PULL-APART GREEK LAMB ROAST (Kleftiko-Style)


The method of preparing and cooking lamb for Easter depends greatly on the family and what region of Greece they are from. One thing all regions have in common is the use of salt (and plenty of it), herbs, fresh lemon juice, garlic and olive oil. Easter just wouldn’t be Easter without lamb being prepared and cooked.

Growing up we always had lamb on the spit which took a total of 8-10 hours to prepare and cook (depending on the lamb size). In fact this is by far my favourite way to eat lamb but let’s face it, it’s not convenient and most importantly, how many people own an electronic spit roaster? In the olden days, family members would take turns mechanically (by hand) rotating the lamb and this was an important ritual part of the Easter Feast.
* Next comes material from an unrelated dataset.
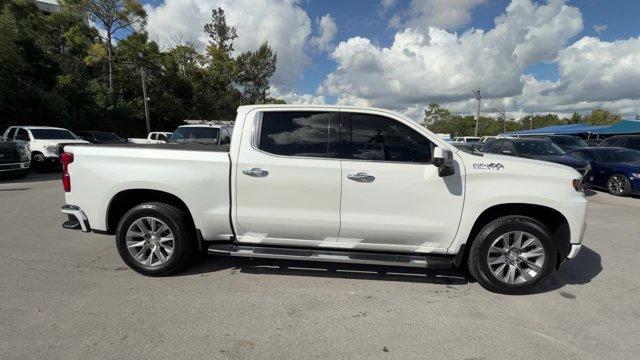 2021 Iridescent Pearl Tricoat /Jet Black/Umber Chevrolet Silverado 1500 (3GCPWFED5MG) with an 8 5.3L engine, Automatic transmission, located at 27610 S Dixie Hwy, Homestead, FL, 33032, (305) 749-2348, 25.510241, -80.438301 - Delivers 23 Highway MPG and 17 City MPG! This Chevrolet Silverado 1500 boasts a Gas V8 5.3L/325 engine powering this Automatic transmission. TRANSMISSION, 8-SPEED AUTOMATIC, ELECTRONICALLY CONTROLLED with overdrive and tow/haul mode. Includes Cruise Grade Braking and Powertrain Grade Braking (STD), - Photo#5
In fact, the men were responsible of taking care of the lamb while the women made the rest of the preparations.

Now I make my Lamb Roast the same whether it be for Easter or for a weeknight meal as it’s too good to change and the way I came about cooking lamb this way was eating KLEFTIKO at a Greek club one night. Kleftiko (translates into the word ‘stolen’) which is sealing lamb pieces in baking paper (usually lamb forequarter pieces) along with vegetables, wine and garlic and baking these little ‘parcels’ until the lamb is so tender it falls off the bone. The word Kleftiko was supposedly used because the lamb was stolen from farms or the wealthy and cooked in a pit to avoid detection.

In my mind, I thought, why can’t I cook a whole leg of lamb or a shoulder of lamb this way? When I did, it turned out so good I’ve never cooked it any other way since. In fact I cook all my roasts this way - “Kleftiko Style” - if I may call it that LOL. I guarantee you, you will be so excited about the way this turns out. I havn’t had a bad bake since I’ve baked this way.

Now for those who like a ‘leaner’ piece of lamb and want to use leg of lamb, that is fine but you need to add 45 minutes of cooking time on top of the 3 ½ hours recommended. The reason Greeks do not usually cook the leg of lamb is because we like a tender cut and frankly, fat makes the meat tender. I personally try to remove prior to baking as much fat off the shoulder as possible and that turns out perfect.

Serves 4-6

Lamb:

2.2kg shoulder of lamb

2 cloves garlic, minced

2 rosemary springs, leaves removed

1 tsp sea salt

1 tsp dried oregano

½ tsp marjoram

½ tsp black pepper

Juice of 1 lemon

Potatoes:

1kg potatoes, skin left on, washed and cut into wedges

2 tbs olive oil

½ tsp dried oregano

1 rosemary spring, leaves removed

sea salt

  1. Preheat the oven to 180C fan forced. Arrange a baking tray large enough to fit the lamb.

  2. Lay a long piece of foil and a long piece of baking paper on the bench. One width ways and the other lengthways to form a cross. You will be placing the lamb in the centre and wrapping it with the baking paper and foil.

  3. In a bowl combine the garlic, rosemary, oregano, marjoram, salt and pepper and form a ‘paste’. Use this to rub and massage all over the lamb. Transfer to the baking paper and fold the baking paper and foil over to completely enclose the lamb. Place into the baking tray and roast for 3 ½ hours.

4. In the meantime prepare the side dishes. This may include the potatoes, a Greek salad, boiled peas, tzatziki dip, olives and feta (recipes for these are also on the blog). The potatoes need to be cooked 45 minutes prior to the lamb being ready.

5. To cook the potatoes, add them to a baking tray lined with baking paper and season with the oregano, rosemary and sea salt. Then drizzle olive oil all over. Combine well. Place into oven on the rack above the roast and set timer for 45 minutes.

6. Once the lamb is cooked, carefully open the foil and baking paper and place back into the oven for 10 minutes to golden.

7. Squeeze fresh lemon juice all over lamb and potatoes. Place everything onto table and shred lamb using two forks. Serve immediately.